I entered these international teaching assignments feeling a little constrained by international borders and boundaries both real and imagined — by the home universities’ expectations, the host universities’ expectations, the students’ expectations, and by my own expectations.
So to break the ice and better facilitate their education in both essay writing and English language skills, I engaged my students in writing projects that involved sharing their fond memories of food and culture while writing essays and recipes about their favorite cuisines. I had no idea what incredible culinary compositions I was getting myself into!
In Paraguay, students wrote about Bori-Bori, a chicken soup that is served with cornmeal dumplings. I learned that Chipa is a bread made with flour, eggs, and cheese and that Chipa Guasú is cake made with corn and is great with asado. Asado means "barbecue" and that word is used in the same way that "barbecue" is used in English.
Lomitos are small sandwiches made with carne asado, and with an an egg inside, became the go-to lunch I often bought from street vendors and ate while walking back to my apartment after classes.
My students in China wrote essays that showed me how Chinese cuisine is as massive and varied as the country and its people.
Cantonese Cuisine, Shandong Cuisine, Jiangsu Cuisine, and Sichuan Cuisine are just a few of many.
I learned through their essays that Chinese cuisines differ by way of availability of resources, climate, geography, history, cooking techniques, and lifestyle.

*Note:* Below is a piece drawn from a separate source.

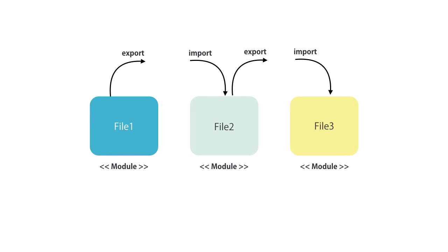In Angular, we also have the concept of modules, but Angular modules are a little bit different. They're not about organization of code in different files. They are about organization of your application into smaller functional areas. You're going to learn about Angular modules in the next section.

While one cuisine uses garlic and shallots instead of chili and spices (and vice versa), another uses sea food over farmyard meats or fowl. Jiangsu cooking techniques uses stewing and braising, and Sichuan Cuisine might use a baking method.
All the while these students were writing these essays in Paraguay and China, I was learning centuries' worth of Paraguayan and Chinese culinary culture. But the students also were learning how to write to a new, foreign audience in a second, foreign language. I told them I knew nothing about their food, that I wanted to know everything about their food, and then I showed him how to explain it all to me through academic writing assignments.
Our common ground was the essays that began as a homework assignment and evolved into a cultural culinary cornucopia that offered insight into the perspectives of the people I got to know on opposite ends of the earth.
Just as Mark Kurlansky brings a keen eye and an unerring sense of humanity into his stories, a shared knowledge of food shows just how important of a role what we eat plays in the lives of people everywhere.